Look no further for the perfect fall side
57 Ratings
91% would make again
Maple-Roasted Carrot Salad
Photo: Rachel Vanni/Tasting Table

Ina Garten says this may be her favorite salad recipe ever, and we agree. Roasted carrots are tossed with maple syrup, then get added to a bed of peppery arugula, orange-soaked cranberries, creamy goat cheese and salty Marcona almonds. It’s the salad we are going to be making for the rest of fall.

This is also a great recipe to prep ahead. Once you have all the ingredients prepped, you can cook the cranberries and make the vinaigrette up to one day in advance. Then, roast the carrots and assemble the salad just before serving.

To learn more read, “How to Throw a Dinner Party like Ina Garten.”

Ina Garten's Maple-Roasted Carrot Salad

Recipe from ‘Cooking for Jeffrey,’ by Ina Garten

Yield: 4 to 6 servings

Prep Time: 25 minutes

Cook Time: 30 minutes

Total Time: 55 minutes


2 pounds carrots, preferably with leafy tops

Good olive oil

Kosher salt and freshly ground black pepper

¼ cup pure Grade A maple syrup

⅔ cup dried cranberries

⅔ cup freshly squeezed orange juice (2 oranges)

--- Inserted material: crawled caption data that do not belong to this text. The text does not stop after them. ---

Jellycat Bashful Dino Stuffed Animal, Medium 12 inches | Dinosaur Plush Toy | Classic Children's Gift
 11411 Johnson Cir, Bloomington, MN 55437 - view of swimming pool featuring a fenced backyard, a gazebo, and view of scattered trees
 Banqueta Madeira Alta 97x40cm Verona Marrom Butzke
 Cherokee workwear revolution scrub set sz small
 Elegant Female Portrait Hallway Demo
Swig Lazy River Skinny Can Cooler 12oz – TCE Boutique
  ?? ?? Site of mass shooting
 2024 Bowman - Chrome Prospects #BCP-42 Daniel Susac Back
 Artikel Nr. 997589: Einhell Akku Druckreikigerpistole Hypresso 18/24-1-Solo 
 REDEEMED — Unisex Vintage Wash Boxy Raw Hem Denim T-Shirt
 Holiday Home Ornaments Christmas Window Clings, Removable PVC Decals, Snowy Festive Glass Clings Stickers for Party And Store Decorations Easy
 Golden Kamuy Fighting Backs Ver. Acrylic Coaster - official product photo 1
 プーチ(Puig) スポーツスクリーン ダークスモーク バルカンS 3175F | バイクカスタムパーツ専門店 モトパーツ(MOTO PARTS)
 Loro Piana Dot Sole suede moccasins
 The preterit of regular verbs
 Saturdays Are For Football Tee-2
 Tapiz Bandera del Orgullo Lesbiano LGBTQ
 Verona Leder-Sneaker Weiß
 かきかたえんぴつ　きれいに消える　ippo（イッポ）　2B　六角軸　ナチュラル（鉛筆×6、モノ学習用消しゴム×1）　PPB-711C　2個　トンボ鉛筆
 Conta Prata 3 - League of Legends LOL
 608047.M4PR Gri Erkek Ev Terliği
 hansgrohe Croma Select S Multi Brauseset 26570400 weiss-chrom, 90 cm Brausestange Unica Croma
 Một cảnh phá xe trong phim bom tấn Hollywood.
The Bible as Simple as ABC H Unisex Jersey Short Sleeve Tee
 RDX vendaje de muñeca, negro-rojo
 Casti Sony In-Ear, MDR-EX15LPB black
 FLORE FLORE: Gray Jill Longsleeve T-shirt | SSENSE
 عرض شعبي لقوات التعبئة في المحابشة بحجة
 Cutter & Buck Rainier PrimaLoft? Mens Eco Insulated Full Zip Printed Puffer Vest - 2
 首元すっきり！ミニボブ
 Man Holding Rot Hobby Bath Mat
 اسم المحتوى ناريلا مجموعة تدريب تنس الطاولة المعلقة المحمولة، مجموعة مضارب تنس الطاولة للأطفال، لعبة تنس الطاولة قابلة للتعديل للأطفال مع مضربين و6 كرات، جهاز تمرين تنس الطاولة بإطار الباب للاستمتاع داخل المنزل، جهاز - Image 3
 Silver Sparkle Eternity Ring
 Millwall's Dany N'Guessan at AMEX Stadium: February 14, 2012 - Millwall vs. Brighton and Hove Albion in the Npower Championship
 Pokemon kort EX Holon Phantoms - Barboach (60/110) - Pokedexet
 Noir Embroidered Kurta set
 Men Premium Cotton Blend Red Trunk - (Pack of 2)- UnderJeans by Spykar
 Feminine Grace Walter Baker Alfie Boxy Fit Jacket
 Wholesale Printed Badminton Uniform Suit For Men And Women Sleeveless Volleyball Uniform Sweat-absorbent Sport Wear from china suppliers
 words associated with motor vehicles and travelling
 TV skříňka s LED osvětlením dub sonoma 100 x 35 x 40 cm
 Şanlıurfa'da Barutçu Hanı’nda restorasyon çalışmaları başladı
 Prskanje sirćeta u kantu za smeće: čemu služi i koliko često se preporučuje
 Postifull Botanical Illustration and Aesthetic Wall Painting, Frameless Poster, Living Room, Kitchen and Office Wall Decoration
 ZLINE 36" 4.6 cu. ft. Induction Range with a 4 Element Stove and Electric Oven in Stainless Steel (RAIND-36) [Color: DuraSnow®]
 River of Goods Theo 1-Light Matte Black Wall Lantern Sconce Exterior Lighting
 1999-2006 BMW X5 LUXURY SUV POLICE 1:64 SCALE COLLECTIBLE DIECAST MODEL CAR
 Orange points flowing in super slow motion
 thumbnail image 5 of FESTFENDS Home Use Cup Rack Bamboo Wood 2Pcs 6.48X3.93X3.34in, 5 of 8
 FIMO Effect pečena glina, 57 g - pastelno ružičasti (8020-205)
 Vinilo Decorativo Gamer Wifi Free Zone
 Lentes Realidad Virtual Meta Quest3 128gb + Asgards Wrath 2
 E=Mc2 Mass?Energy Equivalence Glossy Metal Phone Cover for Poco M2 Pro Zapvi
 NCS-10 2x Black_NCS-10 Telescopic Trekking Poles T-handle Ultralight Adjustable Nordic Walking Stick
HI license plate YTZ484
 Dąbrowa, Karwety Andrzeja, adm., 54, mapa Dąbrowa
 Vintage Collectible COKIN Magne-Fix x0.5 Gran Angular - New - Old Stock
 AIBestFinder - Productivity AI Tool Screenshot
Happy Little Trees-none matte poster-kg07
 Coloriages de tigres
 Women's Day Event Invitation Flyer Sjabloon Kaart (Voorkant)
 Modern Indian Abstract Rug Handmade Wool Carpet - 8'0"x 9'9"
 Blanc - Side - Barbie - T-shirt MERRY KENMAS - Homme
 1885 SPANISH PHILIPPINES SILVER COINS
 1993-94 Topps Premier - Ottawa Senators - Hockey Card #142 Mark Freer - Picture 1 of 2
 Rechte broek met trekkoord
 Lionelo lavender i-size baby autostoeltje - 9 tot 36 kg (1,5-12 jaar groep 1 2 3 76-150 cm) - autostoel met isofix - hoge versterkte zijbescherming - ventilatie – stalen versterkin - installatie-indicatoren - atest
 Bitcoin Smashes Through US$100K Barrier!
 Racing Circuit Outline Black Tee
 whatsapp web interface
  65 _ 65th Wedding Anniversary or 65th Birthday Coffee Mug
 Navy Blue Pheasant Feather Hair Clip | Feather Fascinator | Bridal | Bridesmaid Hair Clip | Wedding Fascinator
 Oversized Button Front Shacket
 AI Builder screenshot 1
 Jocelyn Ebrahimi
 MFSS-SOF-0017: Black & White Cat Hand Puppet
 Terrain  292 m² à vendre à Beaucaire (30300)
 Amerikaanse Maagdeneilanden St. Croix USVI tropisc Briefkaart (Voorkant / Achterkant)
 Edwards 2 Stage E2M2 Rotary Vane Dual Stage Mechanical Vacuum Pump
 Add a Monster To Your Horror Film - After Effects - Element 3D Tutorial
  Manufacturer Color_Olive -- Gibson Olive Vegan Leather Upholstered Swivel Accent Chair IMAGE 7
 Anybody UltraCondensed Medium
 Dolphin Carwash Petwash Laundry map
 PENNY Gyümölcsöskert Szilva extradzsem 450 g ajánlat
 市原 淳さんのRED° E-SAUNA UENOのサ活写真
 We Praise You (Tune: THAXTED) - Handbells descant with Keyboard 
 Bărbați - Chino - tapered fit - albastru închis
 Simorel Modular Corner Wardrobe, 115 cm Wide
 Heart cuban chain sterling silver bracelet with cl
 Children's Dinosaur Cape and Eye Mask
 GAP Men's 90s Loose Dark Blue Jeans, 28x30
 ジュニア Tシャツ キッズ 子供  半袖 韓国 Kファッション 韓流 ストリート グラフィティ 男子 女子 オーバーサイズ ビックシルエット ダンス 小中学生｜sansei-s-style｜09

3 tablespoons sherry wine vinegar

2 garlic cloves, grated on a Microplane

6 ounces baby arugula

6 ounces goat cheese, such as Montrachet, medium-diced

⅔ cup roasted, salted Marcona almonds


1. Preheat the oven to 425 degrees.

2. Trim and scrub the carrots. If the carrots are more than 1 inch in diameter, cut them in half lengthwise. Cut the carrots in large diagonal slices 1 inch wide × 2 inches long (they will shrink when they roast) and place in a medium bowl with ¼ cup of olive oil, 1 teaspoon salt, and ½ teaspoon pepper. Toss well and transfer to two sheet pans. (If you use just one, they’ll steam instead of roasting.) Roast for 20 minutes, tossing once, until the carrots are tender. Transfer all the carrots to one of the sheet pans, add the maple syrup, toss, and roast for 10 to 15 minutes, until the edges are caramelized. Watch them carefully! Toss with a metal spatula and set aside for 10 minutes.

3. Meanwhile, combine the cranberries and orange juice in a small saucepan, bring to a simmer, then set aside for 10 minutes. In a small bowl, combine the vinegar, garlic, and ½ teaspoon salt. Whisk in 3 tablespoons of olive oil. Place the arugula in a large bowl and add the carrots, cranberries (with their liquid), goat cheese, almonds, and the vinaigrette. Toss with large spoons, sprinkle with salt, and serve at room temperature.